多くの企業はいくつかの領域で素晴らしい結果を残さないと、成功できない。例えばソフトウェアのスタートアップであれば世界レベルの営業力と顧客の期待に添える目的に沿ったカスタマイズができる製品が必要だ。その中でも、より重要な要素というものがある。全ての領域で素晴らしくあるのは難しいため、どこに強くなるのか決めなければならない。

2) グループを作る。上記の点を年頭に置いて、細かなチームに分けていく。企業の性質によって、一部の役割の権限が変わる事になるだろう。例えば、プロダクトファーストの企業であれば、Product Managerが様々なチームのまとめ役になる。マーケティングが重要なビジネスであればマーケターが重要な決定を行うポジションに居るべきだ。

現在の従業員だけでなく、将来的な従業員についても彼らはどこのポジションにつくのか考慮するべきだろう。

実際の組織図を何個か実際に描いてみて、現在の従業員を当てはめ、将来的に雇用する部分は空白にするといい。

組織図を描くと、それぞれの役割がより専門的なものになっていく。例えばAppDirectでは、2つのグループを作った。関係性を構築するのが上手な人と、製品向上が上手な人のグループだ。そして、営業チームが拡大した際も同様にセールスエンジニアとその他のエンジニアを分け、他のエンジニアは製品向上に集中できるようにしたのだ。

3) 企業の重要人物と相談する。共同創業者や役員、外部のアドバイザー、人事部長などと相談し、組織図をより詳細にしていく。

4) 計画を明確に発表する。このステップが最も繊細だ。組織的な変更は従業員たちに受け入れられなければいけない。

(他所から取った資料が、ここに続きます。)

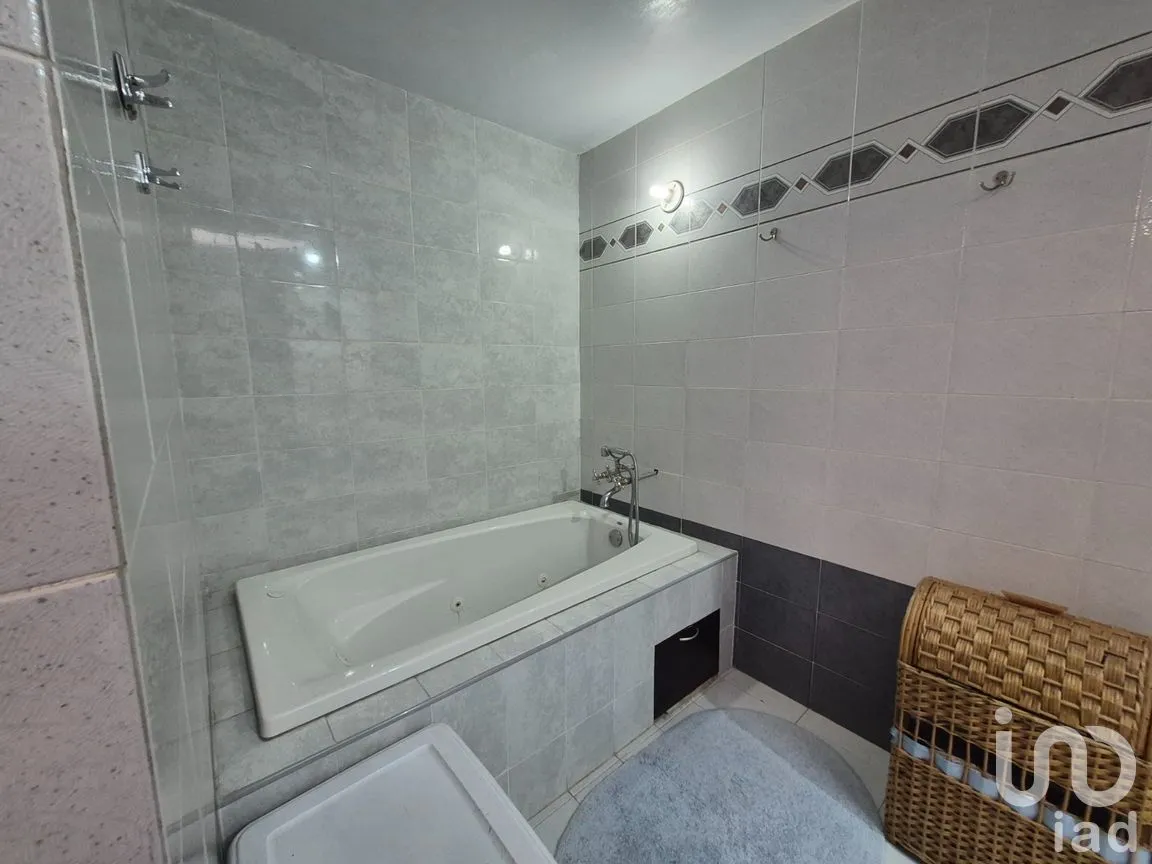Casa en Venta en Jurica, Querétaro, Querétaro | NEX-297272 | iad México | Foto 27 de 33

社長以外の人物の下に初めてつくという人々は、降格されたように感じる人も居るかもしれないため、無用な摩擦を避けるためにも全体に発表する前に1対1で話し合う事が必要だ。

製品部門ごとの組織図 例)

役割ごとの組織図 例)

手順書の導入

次に、急成長企業にとって必要なのは、手順の導入だ。新入りが多く入り、様々な役割や部署が増え、責任者の変更…があればそのうち誰がどこで何を担当しているのかすら分からなくなってくる。

例えば初期のAppDirectでは、大きな新規顧客に製品を渡すまでに数週間から数ヶ月かかる事もあった。様々な部門の人々に製品が渡されたが、彼らがそれにどのように関わればいいのか分からなかったのだ。様々な進行の阻害、意見の決裂、時間の浪費、そして不明瞭な基準により多くの弊害があった。

そこで、AppDirectではこうする事にした。

1) 責任を一部の人(なるべく少ない人数)に限定する

2) どういった事が習慣的に頻繁に行われているか明らかにし、標準化した。これにより一人では大変な大きなタスクを細かく分けたステップに分け、それを割り振りする事ができるようになった。

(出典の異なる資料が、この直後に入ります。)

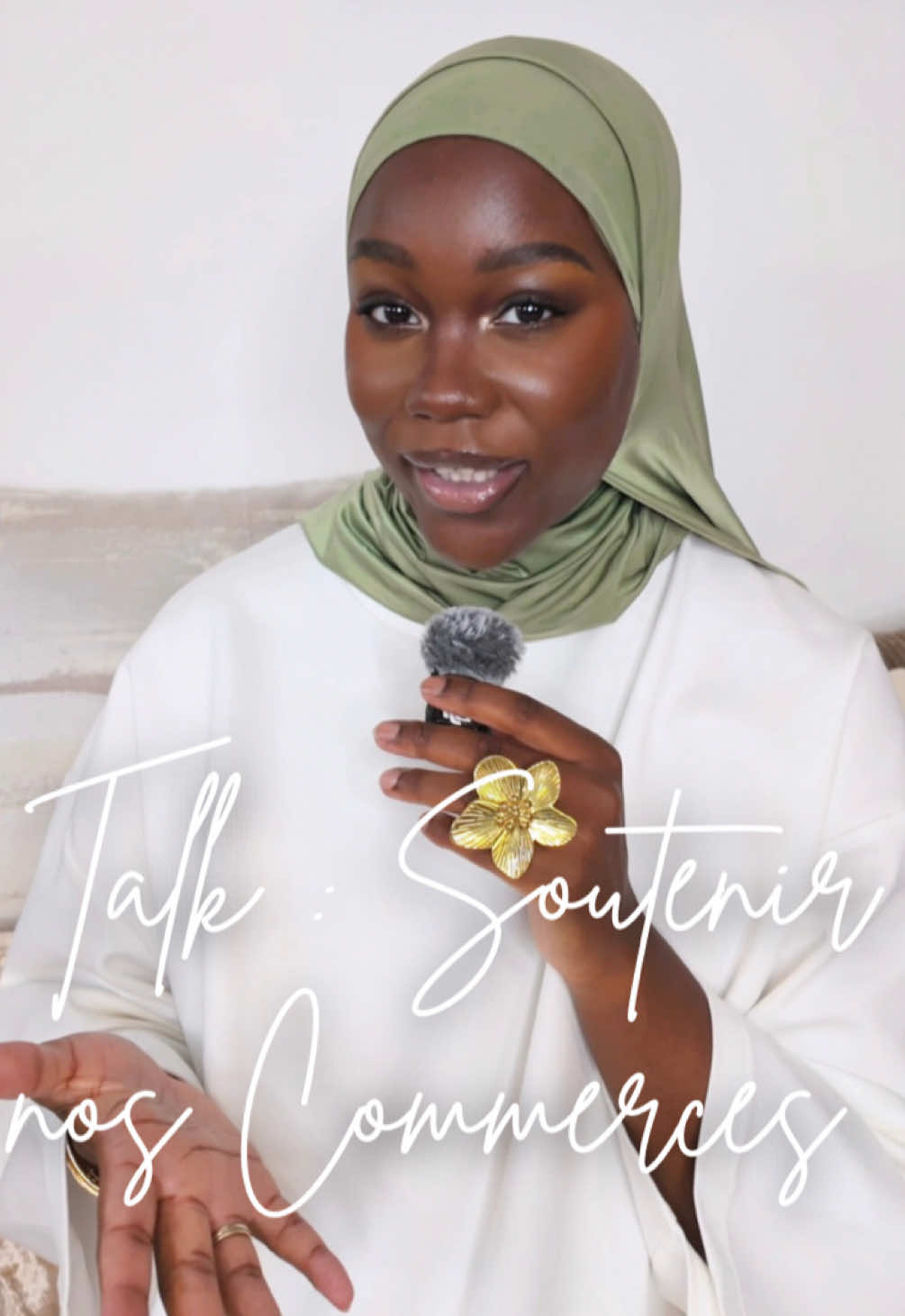 @Maïmouna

3) Account managersとtechnical project managerをはじめから終わりまでの最高責任者にした。彼らがプロジェクトに関わる全ての監督責任を負うため伝達ミスや不足がなくなった。責任者はなるべく少ない方が良い。

4) 仕事を完成させるために必要な手順を全てを記録。後に振り返り、不要な手順を無くす事ができた。

一番良いのは作業に問題が発生する前に手順書を作成する事だ。作成時には手順を書き出すだけでなく、誰が、何を、いつ、といった点も書きだすと良い。

目標数値を有効活用する

さらに、目標数値を有効活用する事も重要だ。

特に企業が大きくなればなる程、数値により従業員が何をしているのか、そして、どういった意思決定が必要かを理解する事が必要になってくる。そのためにはまず、1)どの数値が自身のビジネスにとって重要かを決定、
2)その数値を効率的に収集・トラックするシステム導入
しなければいけない。

目標数値を決定する際に重要なのが

・収集が容易である事
・企業の目標や価値観に関わる数値である事
・アクションにつながる数値にする事

目標数値は上流から決定するのがいい。
まずは、企業の大きな目標(顧客エンゲージメント・収益向上)から始め、それぞれの部署やチームがそれにつながる目標を持つ事が重要だ。その後にそれぞれのチームに所属する個人について考え、それぞれの個人目標を作る。

これにより全員のモチベーションを保ち、同じ方向を向く事ができるだろう。

数値目標 例)

そして以上、挙げた様々な事に共通して言えるのが、常に新たな試みを行う事だ。新たな役割、プロセス、ダッシュボートやコミュニケーションチャネルを作り、良くないものはやめればいい。
常により良く、早く、シンプルに物事が進められるか模索するべきだ。

成長には常に変化し続ける事が必要であり、従業員皆を味方に回す事ができれば、成功できる。

Paul Arnold, an angel investor and advisor talks about three methods necessary for hyper-growing startups to have a successful organization.